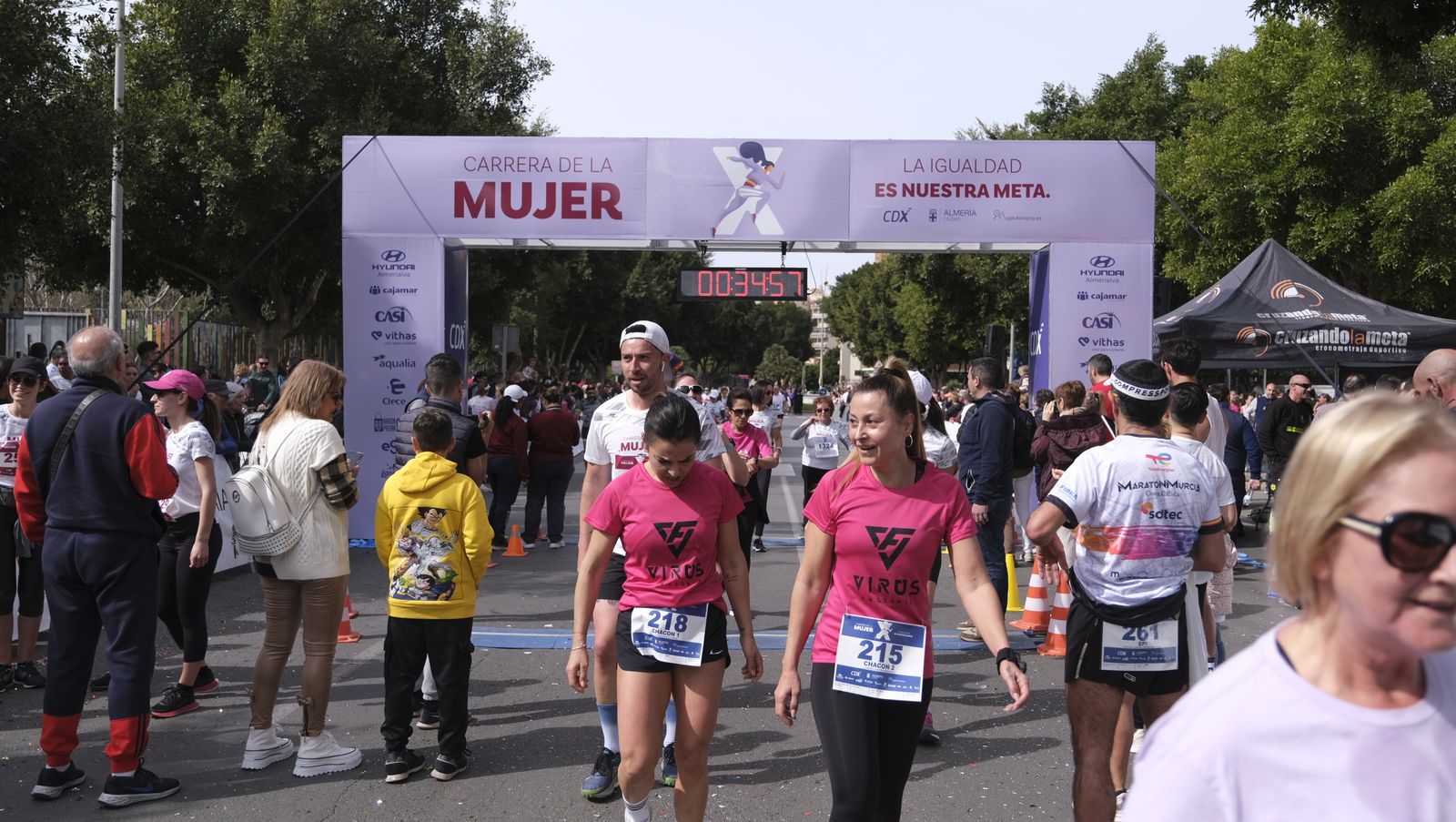 Imágenes de la Carrera de la Mujer 2023 en Almería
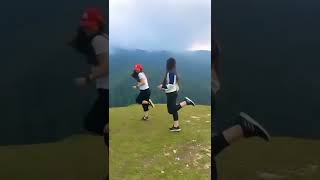 kashmiri girls viral video 😍 trending song 😊 viral video of kashmiri girl today | #shorts #songs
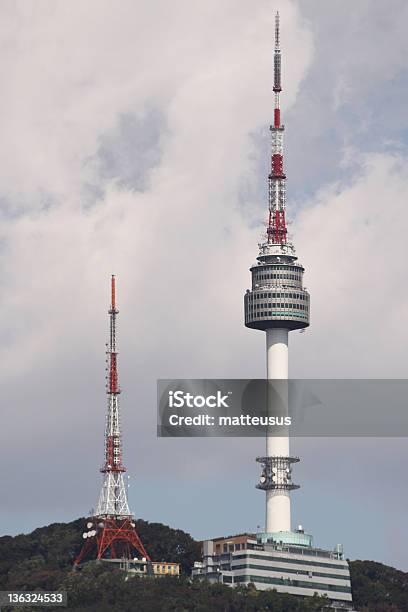 Namsan Torre De Seúl Corea Del Sur Foto de stock y más banco de imágenes de Aire libre - Aire libre, Cielo, Corea del Sur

What is needed: One exact copy of the data is required, and it should hold no pictures.

Exercise output:
 Imágenes de la Carrera de la Mujer 2023 en Almería
 kashmiri girls viral video 😍 trending song 😊 viral video of kashmiri girl today | #shorts #songs
 Namsan Torre De Seúl Corea Del Sur Foto de stock y más banco de imágenes de Aire libre - Aire libre, Cielo, Corea del Sur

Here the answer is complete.